• **WHAT IS REQUIRED**
What you write should be an exact repeat of the lines from the one with "16年前の写真と今の写真を展示します。" through the final line below, minus the pictures.

• **RECORDS TO PROCESS**
---+---

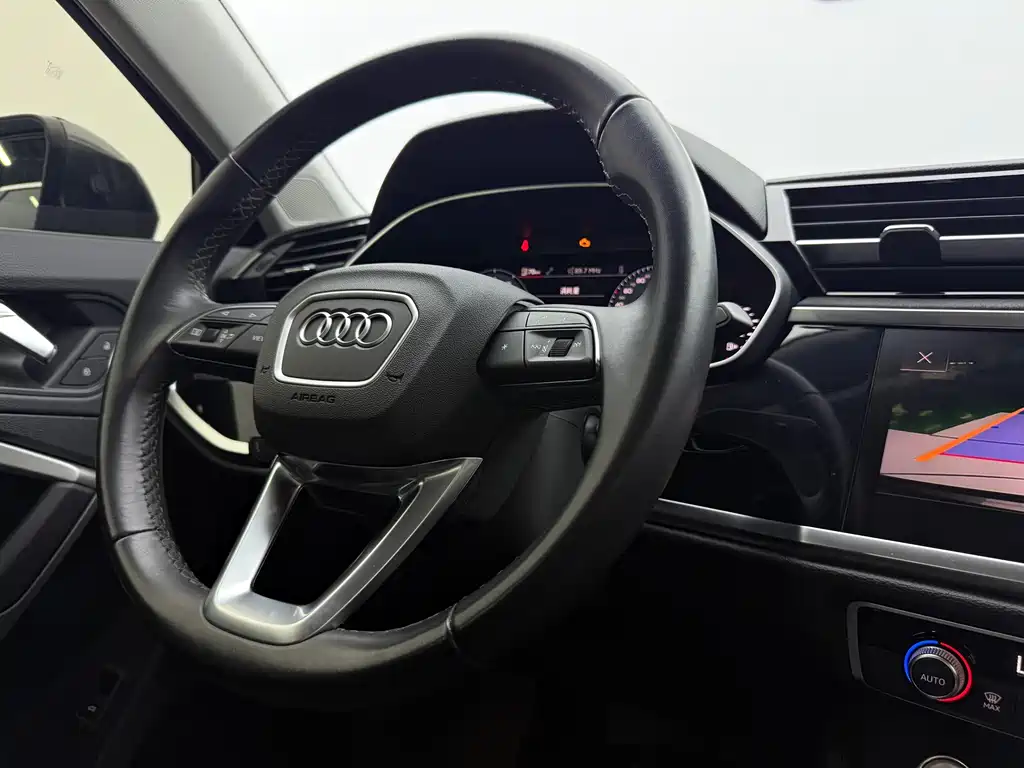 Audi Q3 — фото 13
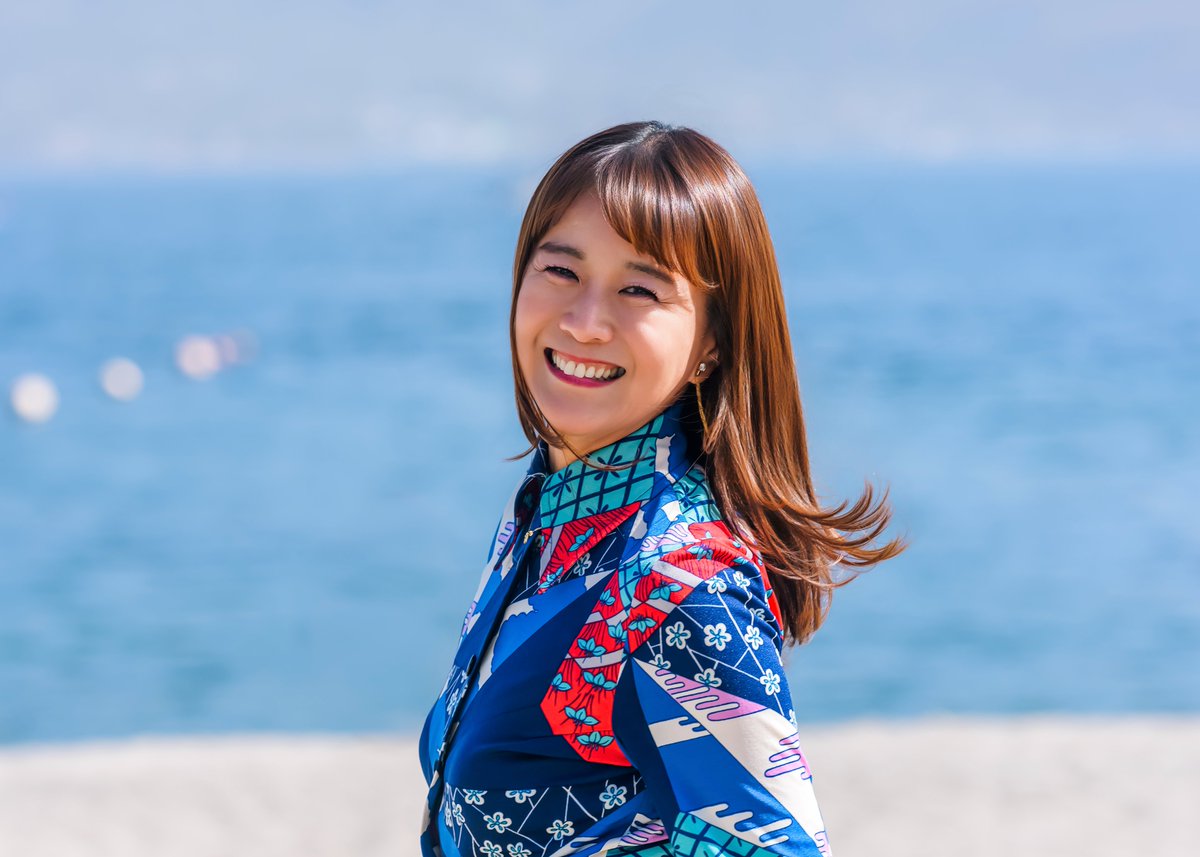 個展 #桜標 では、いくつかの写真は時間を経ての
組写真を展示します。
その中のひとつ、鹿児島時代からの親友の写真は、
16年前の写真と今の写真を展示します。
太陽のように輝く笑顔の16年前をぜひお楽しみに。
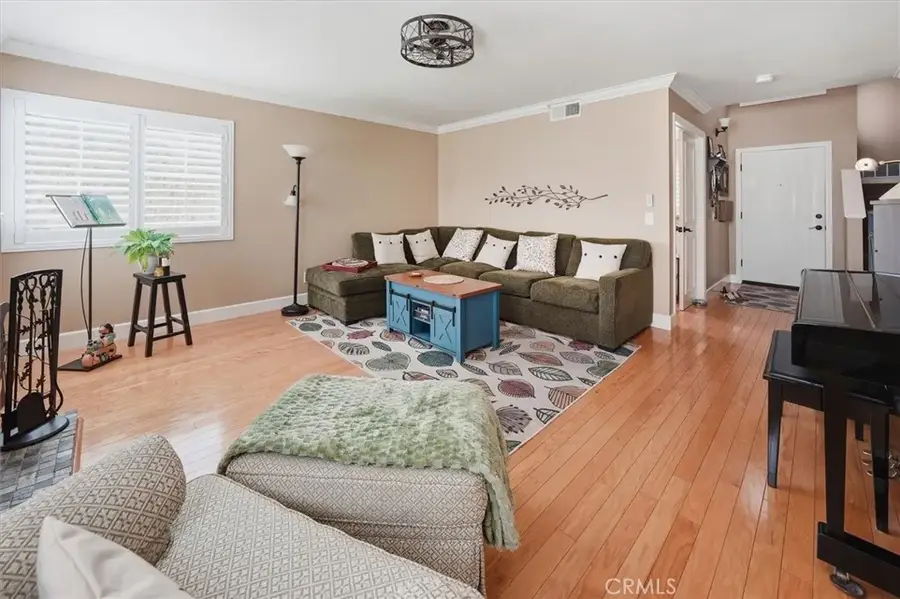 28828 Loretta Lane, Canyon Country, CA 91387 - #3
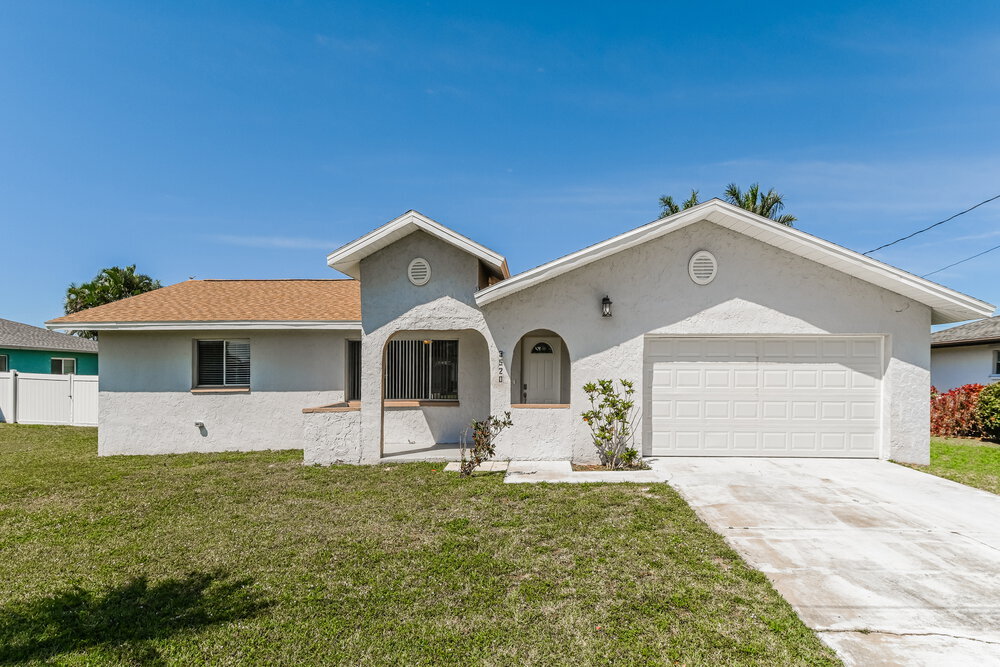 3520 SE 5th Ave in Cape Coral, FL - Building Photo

---+---

• **ANSWER BOX**
16年前の写真と今の写真を展示します。
太陽のように輝く笑顔の16年前をぜひお楽しみに。
 28828 Loretta Lane, Canyon Country, CA 91387 - #3
 3520 SE 5th Ave in Cape Coral, FL - Building Photo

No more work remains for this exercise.